======== Source information

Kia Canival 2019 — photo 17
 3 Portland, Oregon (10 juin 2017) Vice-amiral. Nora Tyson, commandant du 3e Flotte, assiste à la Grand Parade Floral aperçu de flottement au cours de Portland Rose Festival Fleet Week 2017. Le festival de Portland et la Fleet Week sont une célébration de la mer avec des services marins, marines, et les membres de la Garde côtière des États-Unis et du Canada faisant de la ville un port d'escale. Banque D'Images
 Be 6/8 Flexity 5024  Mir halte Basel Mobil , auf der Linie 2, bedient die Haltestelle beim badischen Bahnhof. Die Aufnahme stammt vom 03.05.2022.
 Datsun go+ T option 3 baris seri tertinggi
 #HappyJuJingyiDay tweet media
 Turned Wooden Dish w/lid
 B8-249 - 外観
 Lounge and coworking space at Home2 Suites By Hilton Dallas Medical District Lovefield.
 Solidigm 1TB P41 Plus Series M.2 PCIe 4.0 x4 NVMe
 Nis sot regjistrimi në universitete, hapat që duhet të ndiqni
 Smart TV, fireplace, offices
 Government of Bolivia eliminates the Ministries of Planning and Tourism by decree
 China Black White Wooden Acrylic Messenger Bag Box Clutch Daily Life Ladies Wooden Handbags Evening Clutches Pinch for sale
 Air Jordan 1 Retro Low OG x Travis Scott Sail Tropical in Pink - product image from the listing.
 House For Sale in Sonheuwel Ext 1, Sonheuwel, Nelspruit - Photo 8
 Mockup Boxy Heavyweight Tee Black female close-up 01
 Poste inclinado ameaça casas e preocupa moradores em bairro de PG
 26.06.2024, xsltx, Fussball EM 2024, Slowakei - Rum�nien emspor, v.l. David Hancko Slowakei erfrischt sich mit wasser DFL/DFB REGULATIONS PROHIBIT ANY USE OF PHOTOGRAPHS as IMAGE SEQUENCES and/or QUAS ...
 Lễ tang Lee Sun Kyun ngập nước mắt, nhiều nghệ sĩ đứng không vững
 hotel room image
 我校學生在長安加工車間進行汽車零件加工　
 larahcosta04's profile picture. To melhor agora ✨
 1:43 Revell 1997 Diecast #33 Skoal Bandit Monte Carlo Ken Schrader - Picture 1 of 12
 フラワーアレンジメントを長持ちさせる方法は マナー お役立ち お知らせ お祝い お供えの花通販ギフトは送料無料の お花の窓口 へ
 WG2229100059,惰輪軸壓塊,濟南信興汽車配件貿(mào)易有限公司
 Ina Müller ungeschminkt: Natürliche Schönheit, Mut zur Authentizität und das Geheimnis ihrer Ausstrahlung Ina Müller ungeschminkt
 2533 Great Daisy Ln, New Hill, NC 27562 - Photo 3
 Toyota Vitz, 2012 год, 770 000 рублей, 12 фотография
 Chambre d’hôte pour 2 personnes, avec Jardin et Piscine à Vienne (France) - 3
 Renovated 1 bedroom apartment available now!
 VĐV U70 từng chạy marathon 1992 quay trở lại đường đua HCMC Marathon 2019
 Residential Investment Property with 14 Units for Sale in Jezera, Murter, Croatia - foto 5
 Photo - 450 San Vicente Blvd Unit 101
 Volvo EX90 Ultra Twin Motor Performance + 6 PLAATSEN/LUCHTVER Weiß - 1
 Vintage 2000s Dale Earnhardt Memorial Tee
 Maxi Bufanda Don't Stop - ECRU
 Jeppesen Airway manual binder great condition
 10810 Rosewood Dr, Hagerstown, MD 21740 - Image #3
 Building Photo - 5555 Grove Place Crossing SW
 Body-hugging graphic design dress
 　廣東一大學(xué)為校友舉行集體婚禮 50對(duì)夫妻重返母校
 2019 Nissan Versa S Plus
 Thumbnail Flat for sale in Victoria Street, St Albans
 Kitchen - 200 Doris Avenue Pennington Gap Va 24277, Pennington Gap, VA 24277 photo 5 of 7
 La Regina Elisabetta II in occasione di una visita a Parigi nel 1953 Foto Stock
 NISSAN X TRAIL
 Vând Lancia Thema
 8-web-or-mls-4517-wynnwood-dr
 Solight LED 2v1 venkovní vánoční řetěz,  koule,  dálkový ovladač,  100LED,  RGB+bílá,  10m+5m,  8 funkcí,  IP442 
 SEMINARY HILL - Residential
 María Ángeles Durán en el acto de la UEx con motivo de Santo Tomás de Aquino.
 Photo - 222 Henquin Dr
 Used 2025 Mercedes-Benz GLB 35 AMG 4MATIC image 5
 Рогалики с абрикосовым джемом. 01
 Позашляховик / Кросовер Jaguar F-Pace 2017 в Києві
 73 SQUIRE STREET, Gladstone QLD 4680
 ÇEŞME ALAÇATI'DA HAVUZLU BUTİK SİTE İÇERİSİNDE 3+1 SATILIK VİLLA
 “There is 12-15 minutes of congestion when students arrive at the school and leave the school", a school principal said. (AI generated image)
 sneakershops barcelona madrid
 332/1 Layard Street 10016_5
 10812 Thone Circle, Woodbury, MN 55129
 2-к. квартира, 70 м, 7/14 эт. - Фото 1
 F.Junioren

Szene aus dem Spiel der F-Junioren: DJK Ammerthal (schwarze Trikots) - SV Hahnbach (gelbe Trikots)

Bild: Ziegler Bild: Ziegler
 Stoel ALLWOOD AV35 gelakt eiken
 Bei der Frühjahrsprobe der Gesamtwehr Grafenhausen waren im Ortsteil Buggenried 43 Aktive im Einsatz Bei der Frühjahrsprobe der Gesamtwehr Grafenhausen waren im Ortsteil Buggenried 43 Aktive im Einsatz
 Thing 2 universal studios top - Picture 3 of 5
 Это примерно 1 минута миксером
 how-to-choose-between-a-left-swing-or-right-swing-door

================

* **What to do**
What lines of the data include the word "Residential"? Copy each of them.

* **Task solution**
 Residential Investment Property with 14 Units for Sale in Jezera, Murter, Croatia - foto 5
 SEMINARY HILL - Residential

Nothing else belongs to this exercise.